Just trying to think of counterexamples:
Oneboxing: Omega's decision is conditioned on its prediction of your mental state. Causing yourself to believe oneboxing is better than twoboxing changes reality, if Omega notices the change in belief.
Plausible deniability: You don't want to believe true things if such knowledge creates an obligation to report. You may even prefer to be misled to believe the opposite.
Lying: You need to pass a lie detector, so you cause yourself to believe the lie.
Optimism: You are more effective with a positive attitude, so you cause yourself to believe the optimistic side because the value of the truth difference is worth less than the value of the productivity increase.

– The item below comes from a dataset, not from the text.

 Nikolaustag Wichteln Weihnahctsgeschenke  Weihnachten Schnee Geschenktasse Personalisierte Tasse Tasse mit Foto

Charisma: If other people think you agree with them, they're more likely to like you. It's easier to copy their speech patterns and mindset if you cause yourself to believe their views, even if momentarily.
Compression: The full state of every proton in the universe is impossible to keep in your head, so you believe a simpler version because it saves you bits. But "because it saves you bits" is a distinct reason from "because it's probably true"(unless the word 'probably' is meant to quantify bits).
Efficiency: A heuristic might be wrong, but following it leads to the correct place anyways for unrelated reasons. Ideally you'd understand why, but in the meantime people that believe it are more successful.
Some of them you might be able to reword: Believing the heuristic is an accurate model vs. believing that it is useful.